__Exercise requirements__
Please reproduce the listing verbatim, without its images.

__Source material__
......
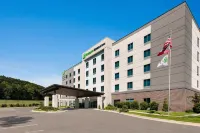 Holiday Inn Express & Suites Dalton - Market ST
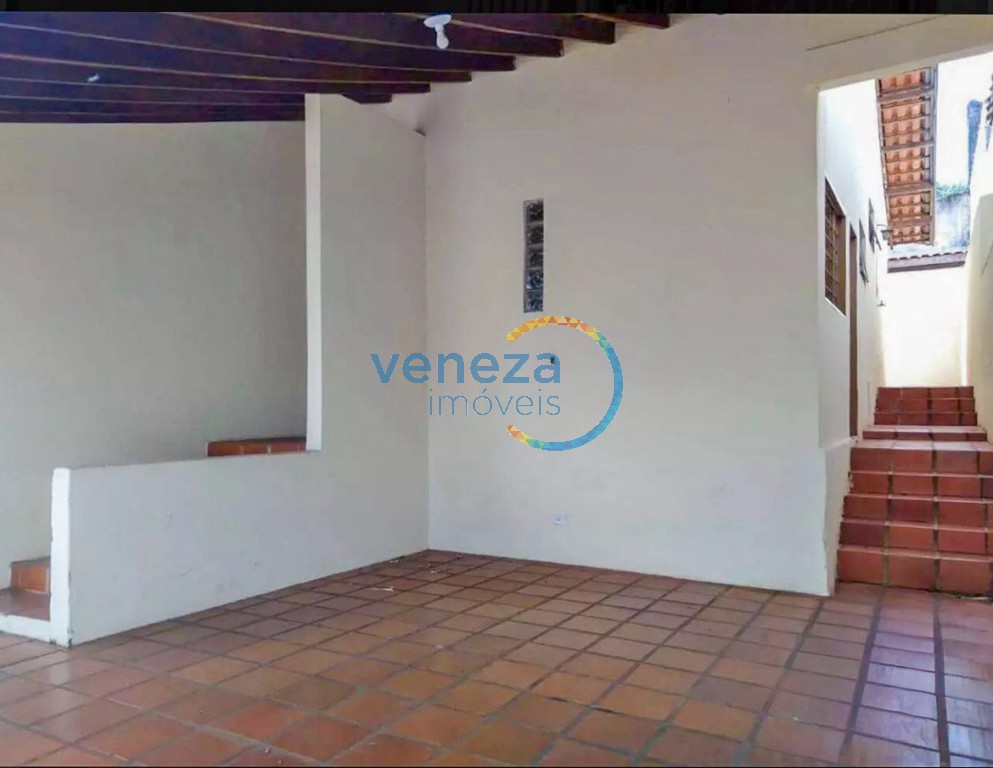 Casa Residencial à venda no bairro Maringa de Londrina com 148m<sup>2</sup> útil, 3 quartos, 1 vaga de garagem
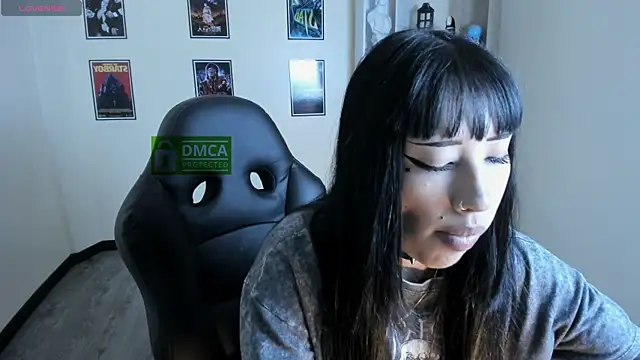 Ravenelle_ webcam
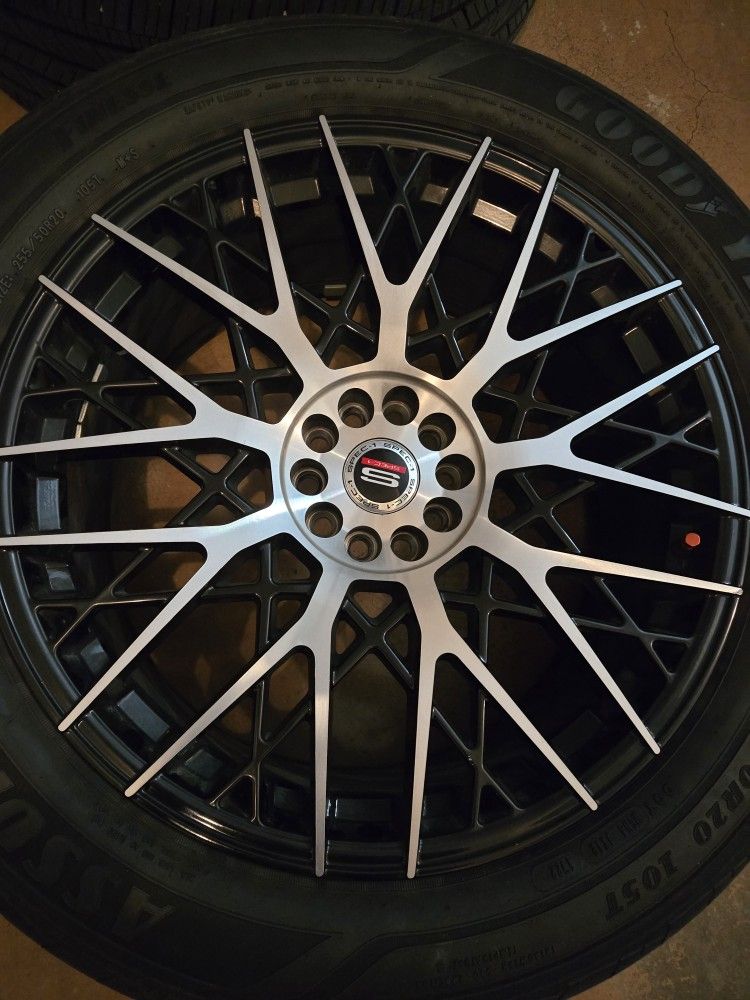 2 Tone Premiun 20'Universal Rims With Tires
......
__Answer below__
 Holiday Inn Express & Suites Dalton - Market ST
 Casa Residencial à venda no bairro Maringa de Londrina com 148m<sup>2</sup> útil, 3 quartos, 1 vaga de garagem
 Ravenelle_ webcam
 2 Tone Premiun 20'Universal Rims With Tires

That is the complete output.